Of course, the biggest victim of the Manager Mom Syndrome is Mom. In this kind of family set-up, Mom justifiably feels taken advantage of and overloaded. Mothers—particularly those with small children—feel anxious (“Can we get all the chores done today?”), resentful (“Why doesn’t anyone around here help out?”), guilty (“Am I a good mom?”), and depressed (“Is this my life?”). Mom’s mental health takes a beating.

As one mother put it, “With all these people and all this activity, I feel as though I’ve lost myself.” How? Here’s one example. In 1980, Gerald R. Patterson wrote a paper called Mothers: TheUnacknowledged Victims. That book was written, surprisingly, before a lot of mothers started working outside the home part-time and then, more and more, full-time. Patterson pointed out, after extensive research, that mothers of normal preschoolers are regularly exposed to “high densities of aversive events.”1 In other words, raising these cute little creatures— pretty much alone—is a tough and often unpleasant job.

Arlie Hochschild’s well-known work, The Second Shift: Working Families and the Revolution at Home, originally published in 1989, highlighted another version of the stress on moms.2 Hochschild pointed out that even when men  and  women  both  worked outside the home, women tended to do a “second shift” on evenings and weekends that included taking care of most of the primary childcare, secondary childcare, and housework responsibilities.

In her 2018 book, Fed Up: Emotional Labor, Women, and the Way Forward, Gemma Hartley adds another twist to this picture by describing how the current domestic scenario actually adds insult to injury for mothers. First of all, direct, primary childcare is usually a very difficult kind of mental or “emotional labor.”3 Though it has its rewards, it is also a kind of unremitting and lonely drudgery. Second, primary childcare with very young kids does not receive anywhere near the kind of social support and recognition that working outside the home provides.
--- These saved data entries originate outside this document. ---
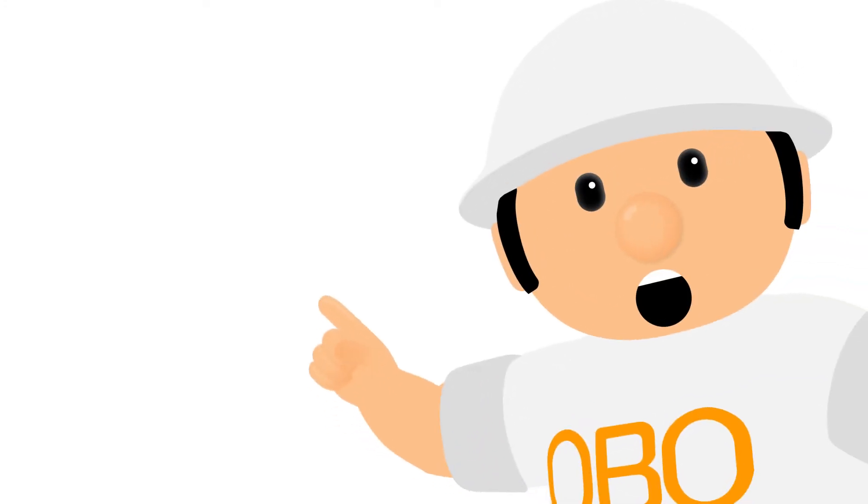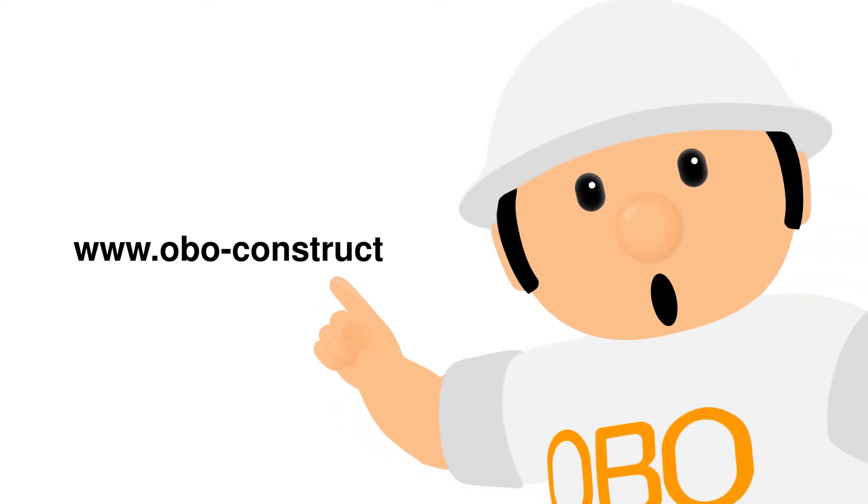Why not try it now at www.oboe-construct.com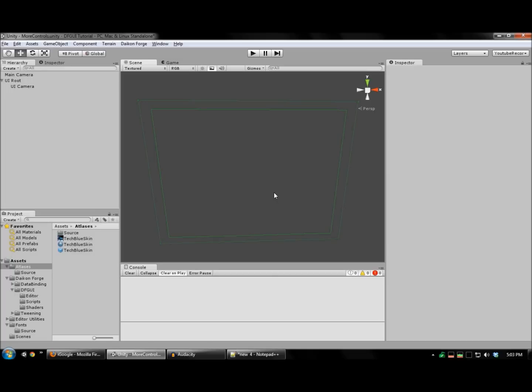Hello again YouTube! Welcome to another tutorial on using Daikon Forge GUI. Today we're going to be covering more controls such as text boxes, toggles, and drop-downs. Let's get started.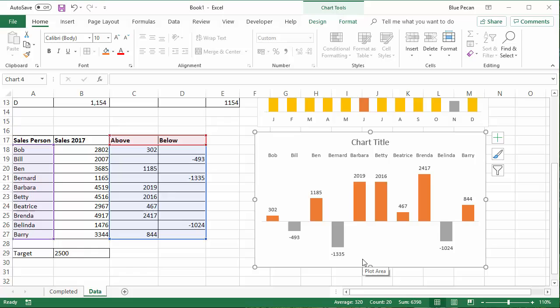Okay. So two examples of applying conditional formatting to Excel charts. Justin Tugwell at Blue Pecan Computer Training. Thanks very much for listening.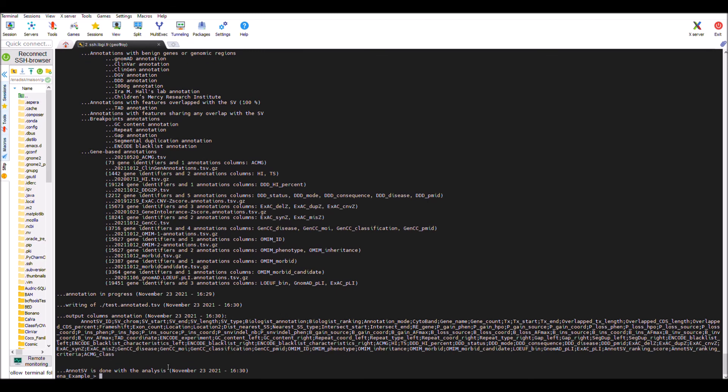Everything is working very well. AnnotSV produced this tab-separated file that you can integrate directly in your personal bioinformatics pipeline, or you can visualize and interpret directly the data in an HTML file produced by AnnotSV. But this will be the subject of a future video. Bye bye.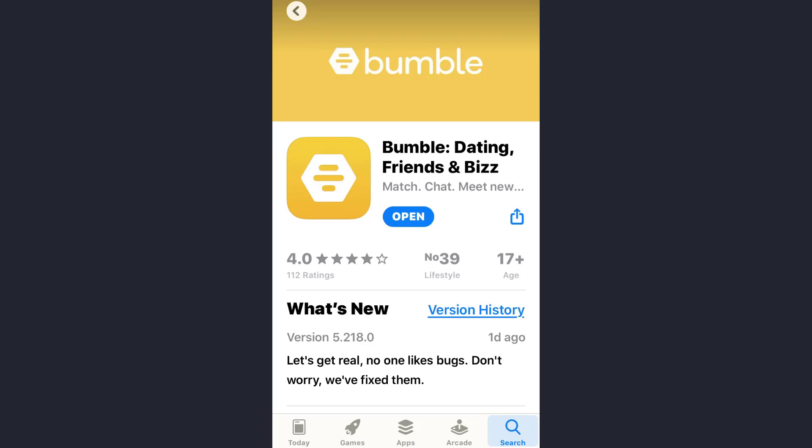Hey guys, welcome back to my channel. In today's video, I'll show you how you can verify your profile on the Bumble dating app. The reason to verify your profile is to ensure that your account is not fake or operated by a robot and you are not under 18 years of age. Also, if you verify your account, the chances of getting potential matches are high.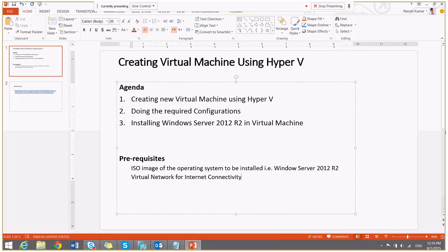Hello everyone, today I am going to tell you how to create a virtual machine using Hyper-V.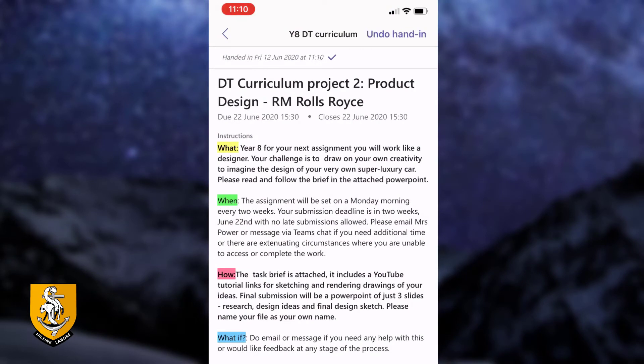So that piece of work has now been handed in on Teams so that the teacher can see it, mark it and assess it. The teacher can now reply to you using either comments or something called a rubric, and once you've got that back you're able to see how well you've done, make any changes and then you can resubmit it again if you need.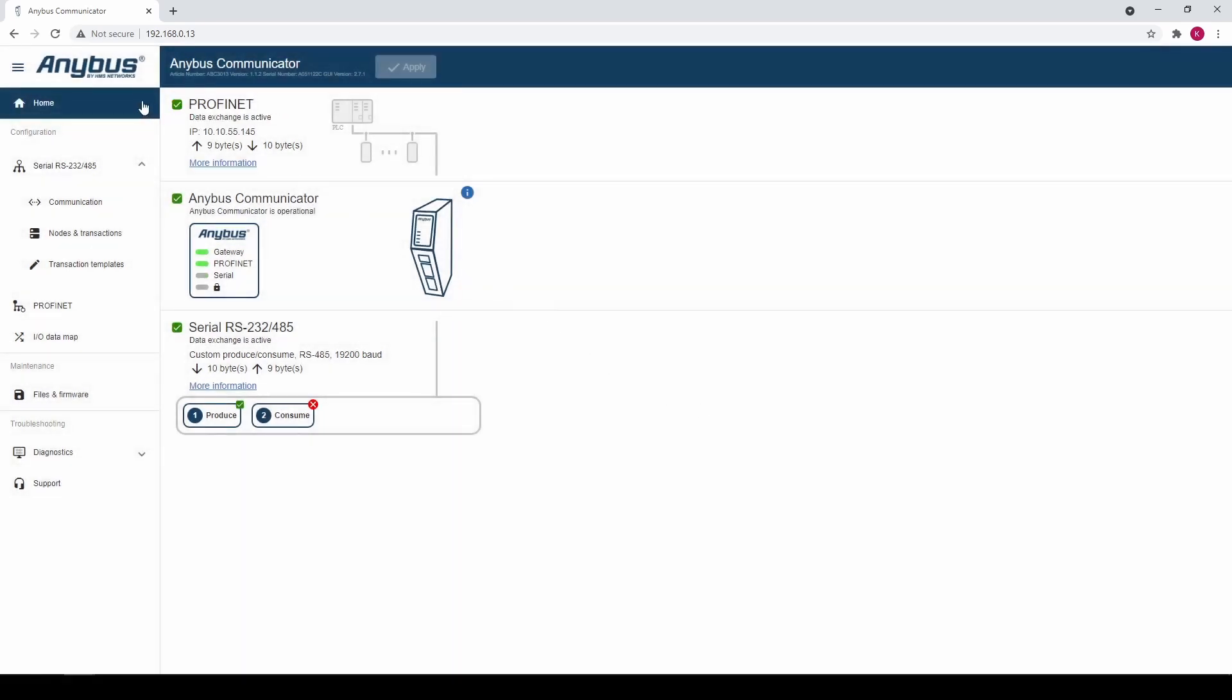We can see that it has 9 bytes input and 10 bytes output. The extra byte in the output is the trigger byte. For the purpose of this video we have already prepared a PLC and you can see that once the configuration was applied the data exchange went active.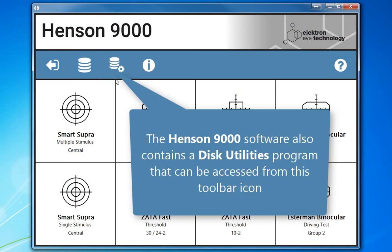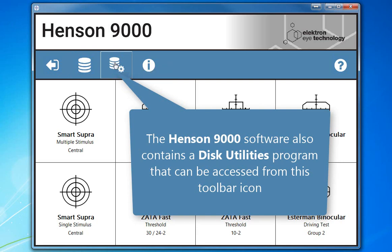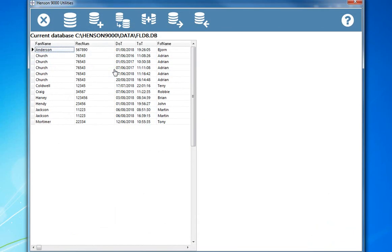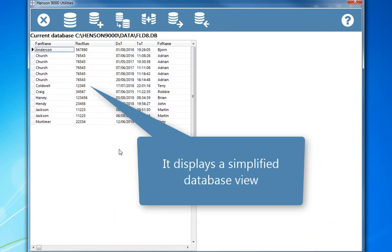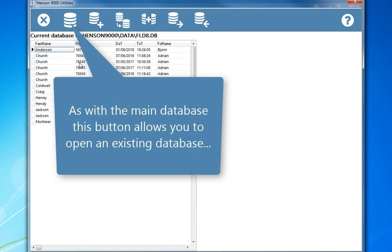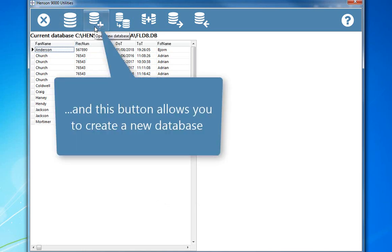The Henson 9000 software also contains a disk utilities program that can be accessed from this toolbar icon. It displays a simplified database view. As with the main database, this button allows you to open an existing database, and this button allows you to create a new database.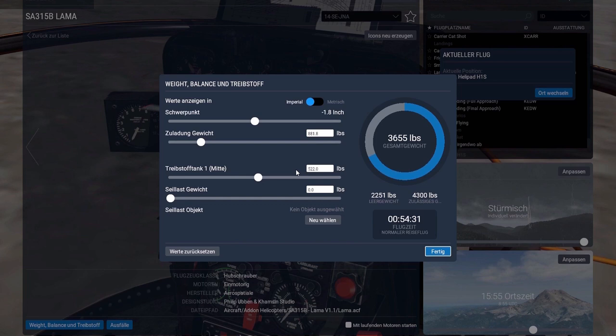One quick word about X-Plane's fuel calculation: the estimated flight time doesn't match what we calculated. X-Plane shows 54 minutes instead of 1 hour and 20 minutes, meaning X-Plane's flight time estimation is not necessarily reliable. The in-game fuel consumption of the Lama model is correct - it actually uses a little bit less than the 58 gallons I calculated with.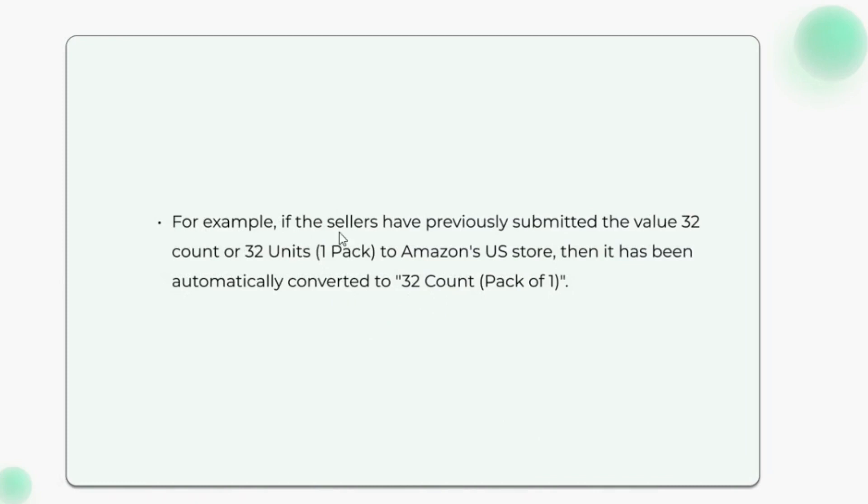For example, if the sellers have previously submitted the value 32 count or 32 units to Amazon's US store, then it has been automatically converted to 32 count.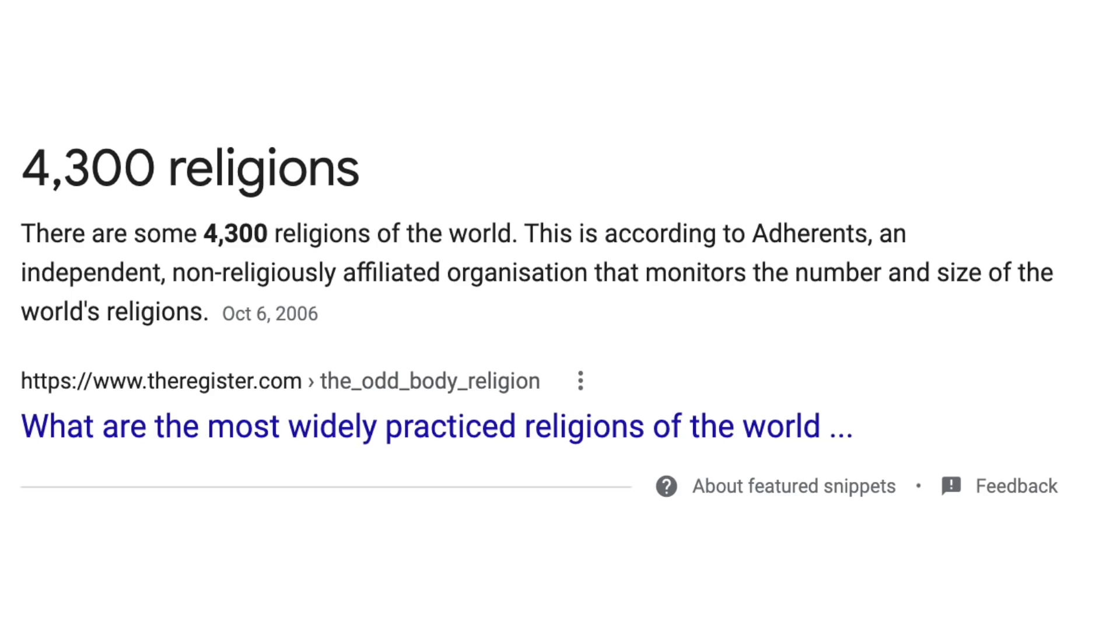There are lots of religions in the world. Google search tells me there are about 4,300 of them. I cover Christianity a lot here because it is the most dominant religion here in America. It also feels like they're the loudest of them all, at least on the internet.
What Is the Manager Mom Syndrome?

When all is said and done, the Manager Mom Syndrome is a kind of maternal addiction, and Dad, partner, and kids are the passive enablers of the obsession. Oddly enough—and you can look at the problem through different lenses—Mom is often addicted to an occupation that has a number of positive descriptors: President, Servant, Commander, Crisis Manager, and First Responder, for example, come to mind. Those roles are usually considered positive ones.

But in filling these roles, Manager Mom overdoses on kindness, helpfulness, organizational skills, and commitment to getting the work done. In the process of expressing these normally constructive traits, Mom loses her healthy free time—and herself.

What about the enablers—the other members of the family? Well, if Mom wants to take responsibility for everything, fine! Often other family members will simply let Mom take over, thus unwittingly and inadvertently sacrificing their own independence and competence.

When the Manager Mom Syndrome goes untreated and the behavior of its active (moms) and passive (dads and kids) conspirators continues unchecked, the Syndrome sometimes morphs into its absolute worst expression: MartyrMom. This condition is especially difficult to deal with because among its symptoms is the fact that as time passes—more and more—the participants in the drama start to enjoy their own misery.

Fortunately, Manager Mom Syndrome is a curable condition. For that remedy to materialize, though, both moms and dads need to hear some things they don’t really want to hear. Then both moms and dads need to do some things that they might not really want to do—at least for a while. And—surprise, surprise—the kids have to be included in some meaningful way. The process can sometimes be extremely difficult, but the effort is usually worth it. Living in a household where Mom’s angry organizational dominance and constant supervision seem to be a requirement for smooth operation is not good for anyone’s mental health or for the happiness of the family as a whole.